DC Office of Health Equity Succumbs to Gentrification Forces, Report Lacks Analysis

The DC Council voted to approve the Congress Heights Small Area Plan in mid-November. The legislation received unanimous approval from all 12 members of Council present for voting. Situated in the District's most socially and economically vulnerable Ward, the effects of intense redevelopment will be felt throughout Ward 8 for generations and well beyond the technical boundaries of the study area. The Plan focuses on the area bounded by St. Elizabeths and Suitland Parkway, Stanton Road SE, Oxon Run Parkway SE, and I - 295. Intended to be "implemented through private redevelopment and public investment," the Plan makes an alarming admission — the District seeks to push the gentrification wave eastward through land use decisions and public subsidy.

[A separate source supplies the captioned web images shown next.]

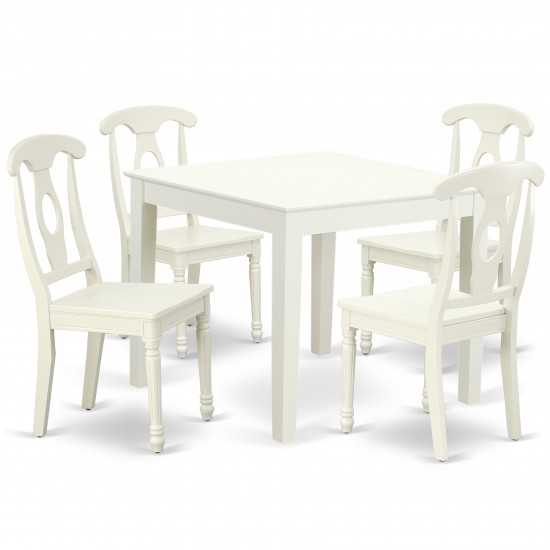 Oxke5-Lwh-W 5Pc Square 36 Inch Table And 4 Panel Back Chairs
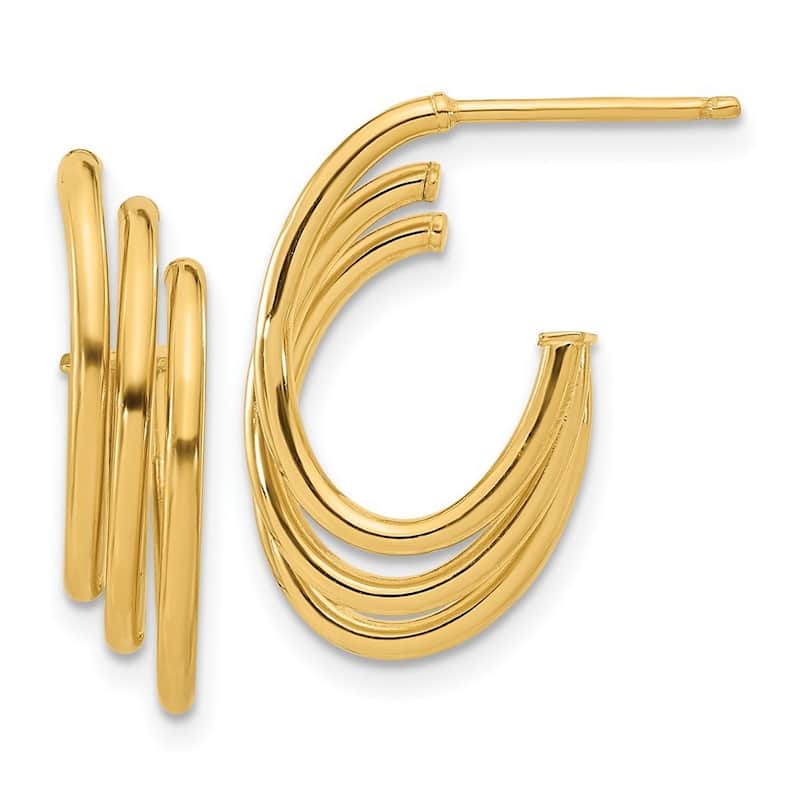 Curata 14k Yellow Gold Polished 20.18x12.2mm J Hoop Post Earrings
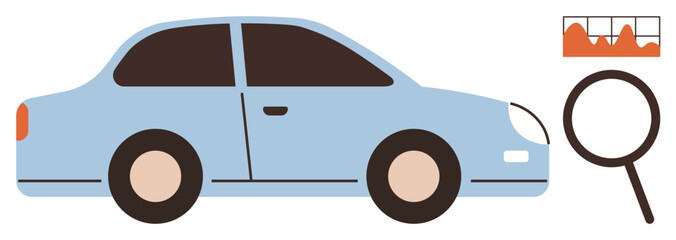 Wall Mural - Light blue car beside magnifying glass and performance chart. Ideal for automotive diagnostics, data analysis, inspection, maintenance, research, evaluation, simple flat metaphor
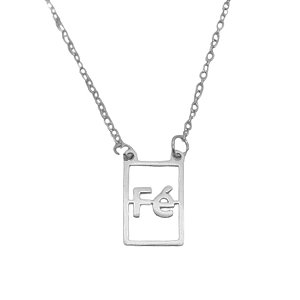Colar com pingente fé de aço inox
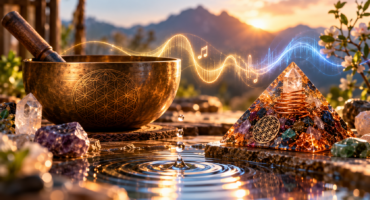 Onde sonore, acqua, campana tibetana e piramide orgonica rappresentano vibrazione e risonanza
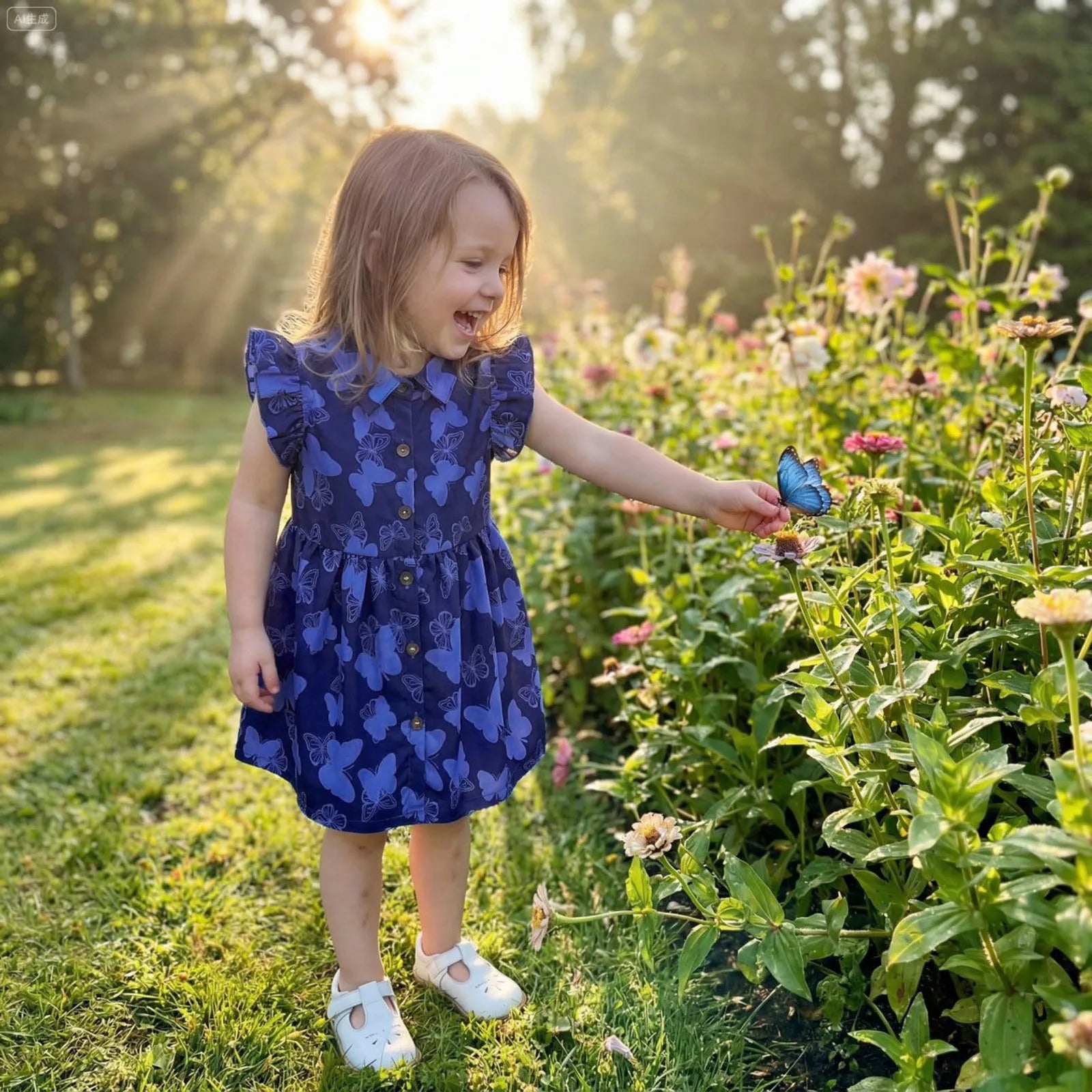 Navy Blue Butterfly Print Button Front Dress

The Council Office of Racial Equity (CORE) determined that the Plan, as introduced, "maintains the status quo." Given the increasing politicization and "short-leashing" of CORE, an impartial assessment would have likely considered the Plan as "highly probable to exacerbate racial inequity." District planning has catered to the gentrification economy for the last 20 years, failing to implement effective mitigation against Black displacement and to grow the middle class. In fact, there is ample reason to anticipate that massive redevelopment in Congress Heights will have a much worse impact than it has in Southwest, Navy Yard, NOMA, and other gentrified hotspots given the acute social vulnerability in Ward 8. The median household income within the Plan's study area is $36,477, which is $40,000 less than the median household income citywide. The majority of occupied units are renter-occupied (79%), meaning that there is less protection against private action as opposed to public housing policies that are accountable to the public. Although Southwest is actively meeting threats due to proposed public housing redevelopment, Buzzard Point renters in private housing have been displaced and confronted with owners' attempts, sometimes illegal, to force families to vacate their unit.


The DC Office of Planning (OP) is the agency directing the development and implementation of the Congress Heights Small Area Plan. With glaring racial inequity in the spotlight, OP is learning to adapt to an environment that is demanding changes in public policy. OP is modifying its playbook aimed to spurring further gentrification by co-opting city agencies to sign off on its agenda and abusing equity language to create the appearance of being responsive. It repeatedly employs terms such as "equity," "shared community vision," "community," and "people-centered planning" in the Small Area Plan, as if saying them over and over again make them true. OP is not the only city agency engaged in performative equity. Our last issue discussed the Office of Racial Equity's manipulation of public perceptions with the Racial Equity Action Plan.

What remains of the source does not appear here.